When this happens, it appears that one of the workers fails but the rest of the
workers continue to run. How would I be able to configure the app to be able to
recover itself completely from the last successful checkpoint when this happens?
‐‐‐ Original Message ‐‐‐
On Monday, December 3, 2018 11:02 AM, Flink Developer
wrote:
> I have a Flink app on 1.5.2 which sources data from Kafka topic (400
> partitions) and runs with 400 parallelism. The sink uses bucketing sink to S3
> with rocks db. Checkpoint interval is 2 min and checkpoint timeout is 2 min.
> Checkpoint size is a few mb. After execution for a few days, I see:
>
> Org.apache.flink.runtime.executiongraph.ExecutionGraph - Error in failover
> strategy - falling back to global restart
> Java.lang.ClassCastException:
> com.amazonaws.services.s3.model.AmazonS3Exception cannot be cast to
> com.amazonaws.AmazonClientException
> At
> org.apache.hadoop.fs.s3a.AWSClientIOException.getCause(AWSClientIOException.java:42)
> At org.apache.flink.util.SerializedThrowable
> At org.apache.flink.runtime.executiongraph.ExecutionGraph.notifyJobStatus()
> At
> org.apache.flink.runtime.rpc.akka.AkkaRpcActor.handleRpcInvocation(AkkaRpcActor.java:247)
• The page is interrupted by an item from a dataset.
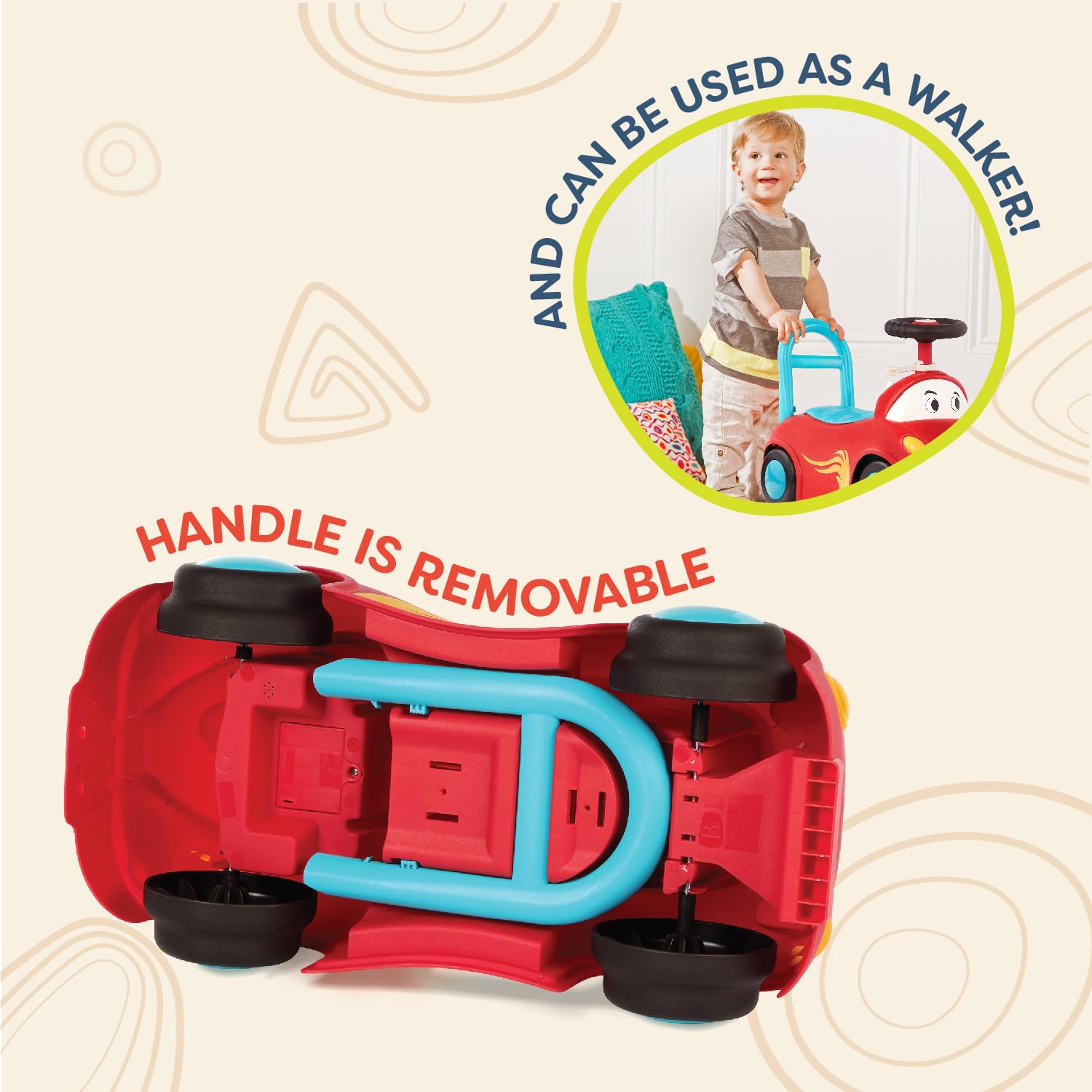 B. toys – Push CarToy – Ride – On Race Car – Walker Toy – Handle & Storage Space – Lights, Songs & Sounds – 1 Year + – Rollin' Riders – Freddy Zoom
> At akka.dispatch.Mailbox.exec(Mailbox.scala:234)
>
> What causes the exception and why is the Flink job unable to recover? It
> states failing back to globsl restart? How can this be configured to recover
> properly? Is the checkloche interval/timeout too low? The Flink job's
> configuration shows Restart with fixed delay (0ms) #2147483647 restart
> attempts.